I labeled the picture according to his description, then asked him, “What do these puppy-loving pirates do?”
“They…go on an ADVENTURE!”
“Brilliant! Draw the picture of their adventure.”
Back and forth we went. I kept asking him what happened next. It didn’t matter if it didn’t make sense. It didn’t matter if Elijah told me something that wasn’t in the picture he drew. No matter what, I wrote down what he told me for the story.
I wish I still had that collection of pictures we amassed, or at least remembered more of what we came up with. The only other details I remember of that afternoon are one particular image and my brother’s description of it.
The page had four small, clumsy squares drawn at the four edges of the paper. Lines connected the squares to a circle in the middle of the page, inside of which were several squashed and deformed figures I knew to identify as puppy-loving pirates at this point.
“What’s happening in this one?”
“They’re down a hole.”
I decided that we didn’t really need to know how they got down the hole for the sake of the adventure.
My brother continued, “And there’s smashing things.”
“Yeah, smashing things.”
After scrutinizing the page, it dawned on me. “Oh! The squares! Those are the smashing things?”
“And they are going to smash the pirates who are down the hole?”
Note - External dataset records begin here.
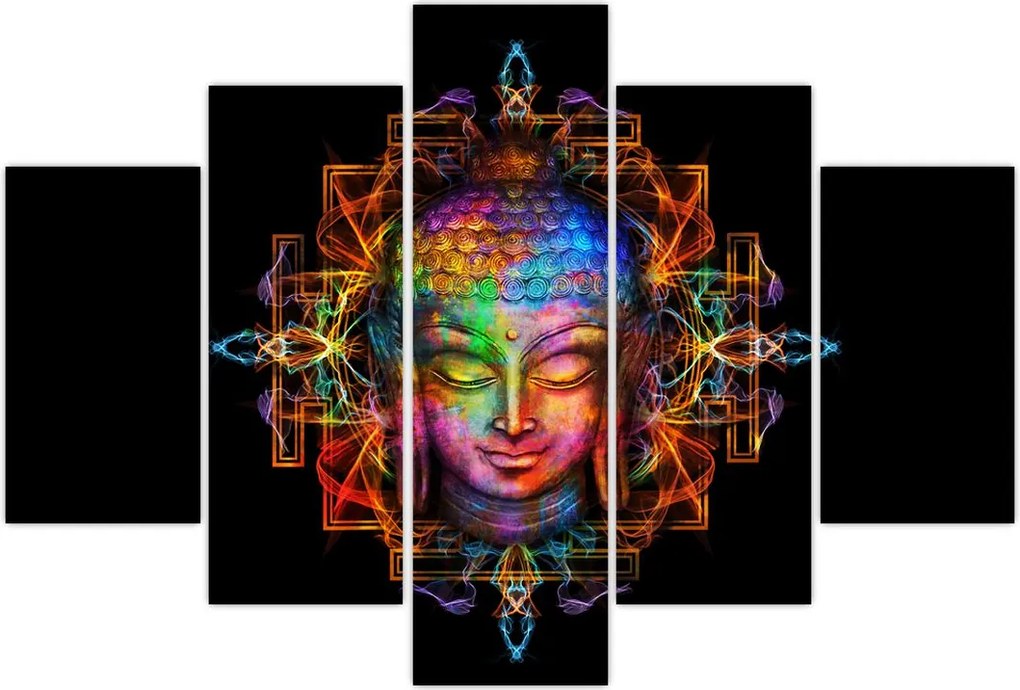 Tablou - Bustul lui Buddha în culori neon (150x105 cm)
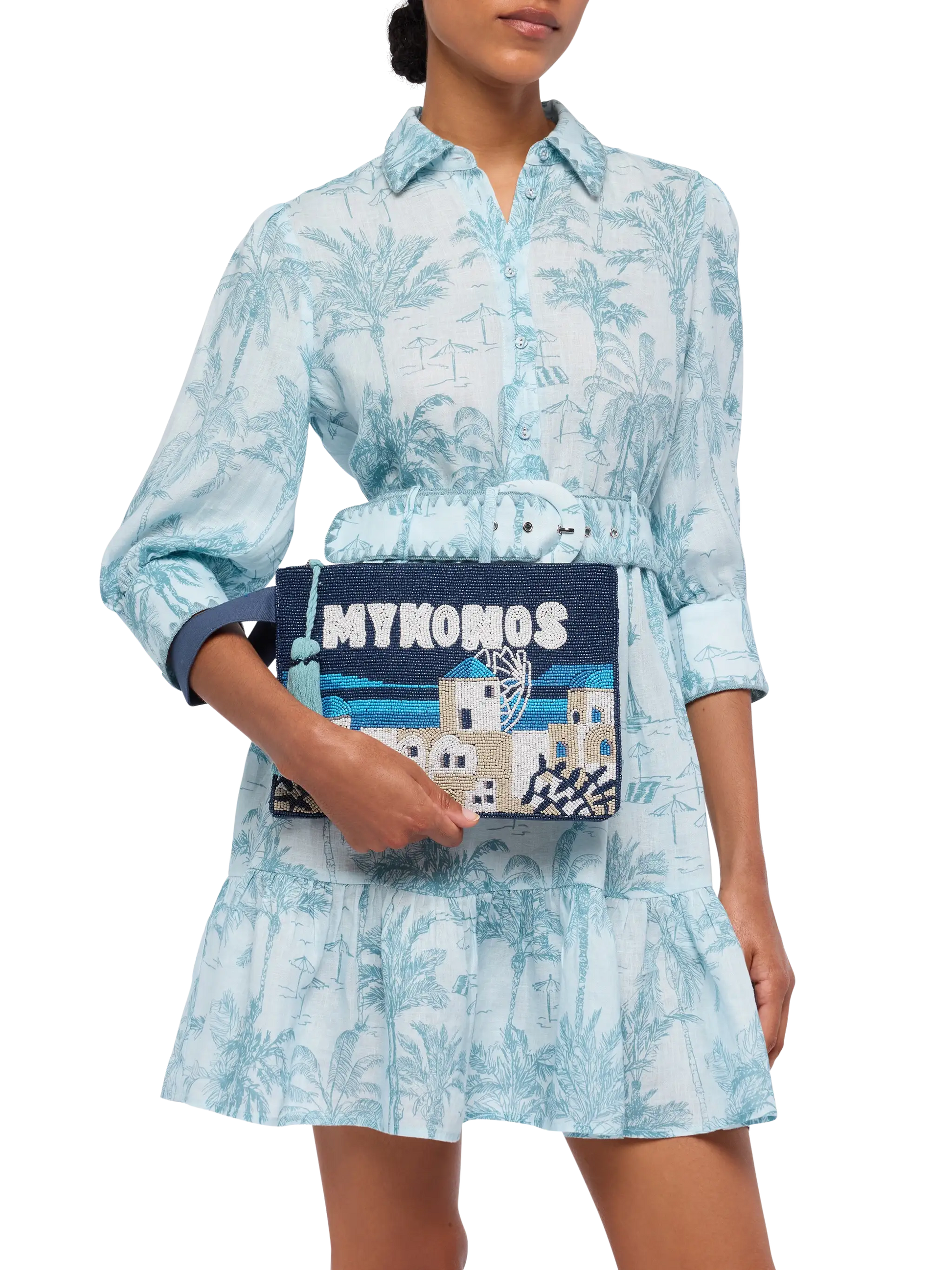 Pearl Pouch with Mykonos beaded postcard - MC2 Saint Barth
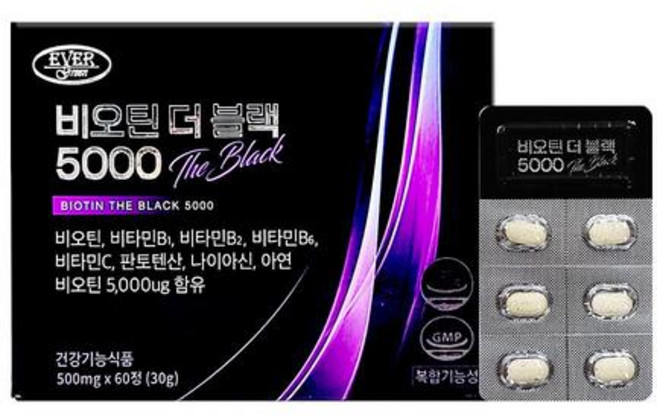 먹는수액 모발엔 비오틴 더 블랙 5000 두피유산균 대용량, 4개, 60정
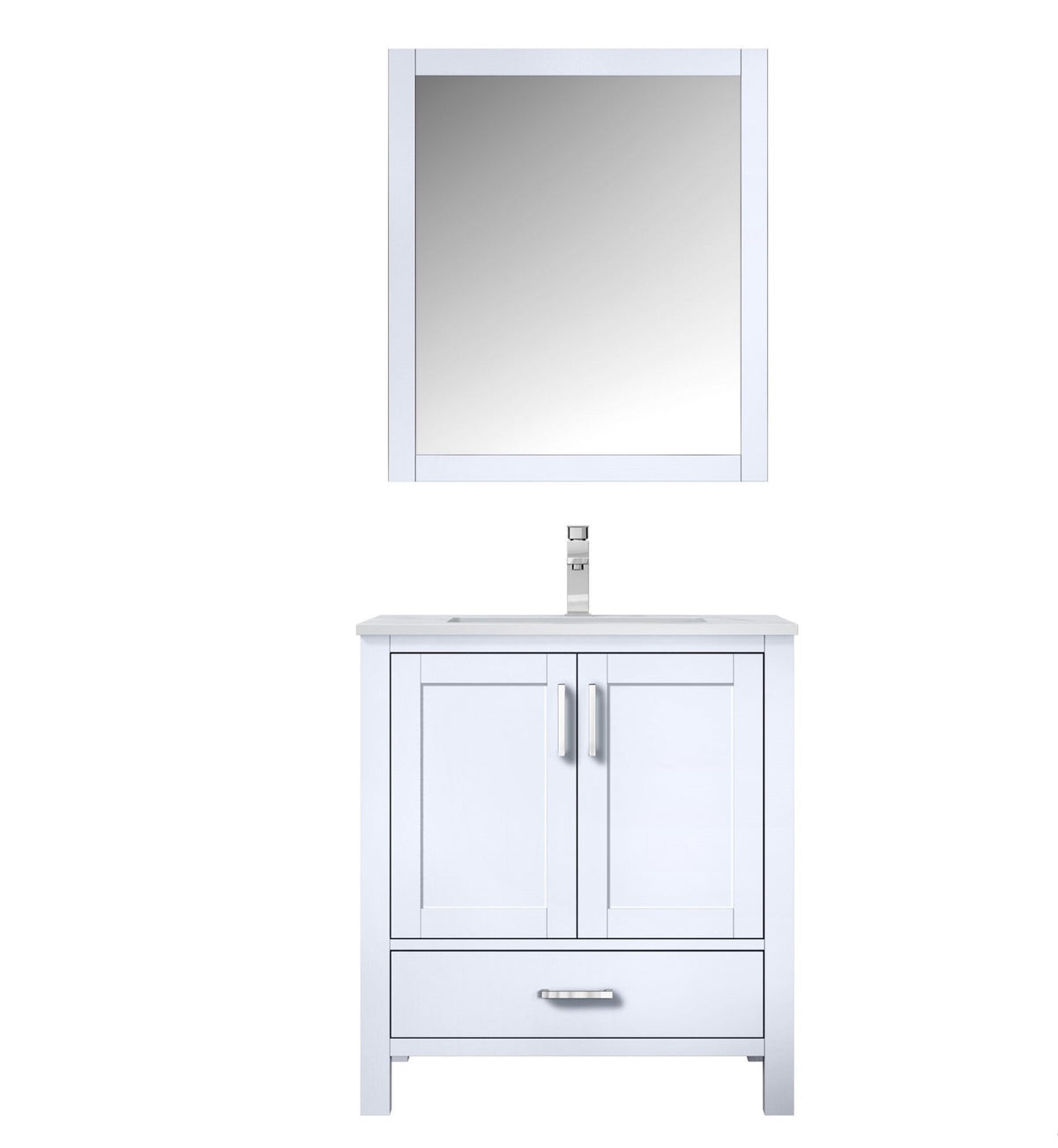 Lexora Jacques 30" White Single Vanity, White Carrara Marble Top, White Square Sink and 28" Mirror w/ Faucet LJ342230SADSM28F - MyBBQDirect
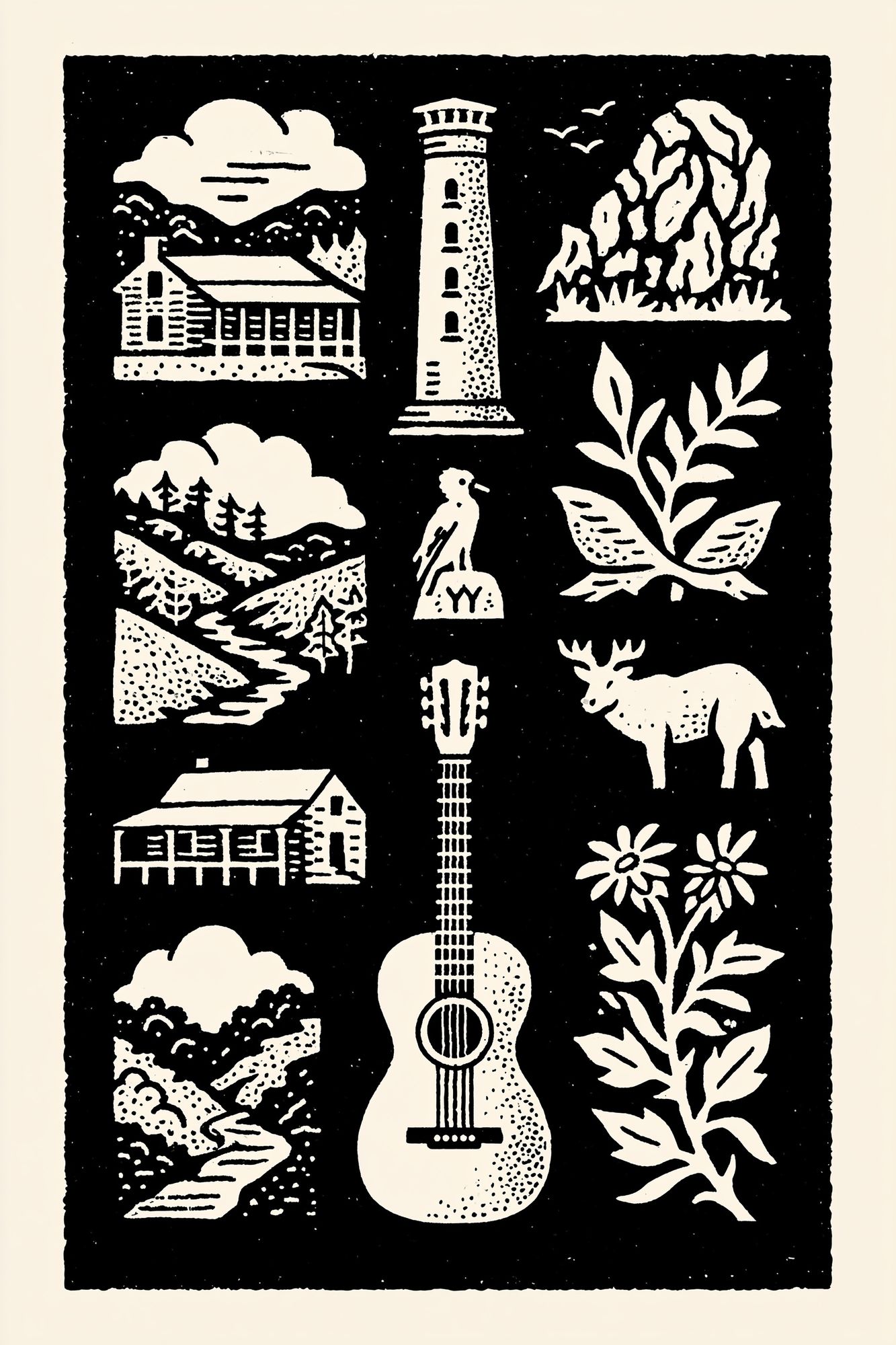 Woodland Cabin Linocut Poster. poster detail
“Oh no! How do they escape?”
“They…They get away.”
In spite of this rather anti-climactic description of the dire escape, I knew without a doubt that the scene playing in his little pre-K brain was of Indiana Jones-level epicness.
What about you and your homeschool student?
What does this matter? How does this story affect homeschooling and writing at all? After all, my brother didn’t actually write anything that day.
Or DID he?
Even though my teenage-self was not trying to teach my brother a lesson, I realize now that I did. I not only encouraged creativity (“Let’s write a story! You tell me what happens.”), but I also demonstrated how you can express what is in your mind in a shareable manner. Elijah’s ideas became pictures. At my promptings, he had to explain the pictures to me verbally. That verbal explanation became written words at the bottom of the page—words that he couldn’t even read yet but still knew somehow communicated what he was thinking.
He wrote the story, even if he never picked up the pen.
Writing is one way to clarify and to express your ideas in a sharable format. Creative writing and story-telling are ways to learn to express what is happening in your brain. And in this form of writing/expression, you don’t have to worry about having “the right answer,” because there isn’t one.
Try it yourself! Whether your homeschool student is physically writing yet or not, you can teach them to be creative and put their thoughts into words!
Pull up a carpet and create a story with your young student. They don’t have to draw pictures if that’s not their thing. They can tell whatever story they want. They can tell the story of the Lego build they’re constructing, or the frog they caught on the driveway, or the plan they have to clean the kitchen. (That last one sounds strange, but I have a friend whose toddler is very, very scrupulous about keeping things tidy and loves to tell people about his processes.)
Write down what they tell you, and let them see you do it. Show them that writing is thoughts put into words put onto paper, and it’s as simple as that.
And have fun with your kid! That’s what I did with my brother on that random day when we wrote the story of the Puppy-Loving Pirates and the Smashing Things.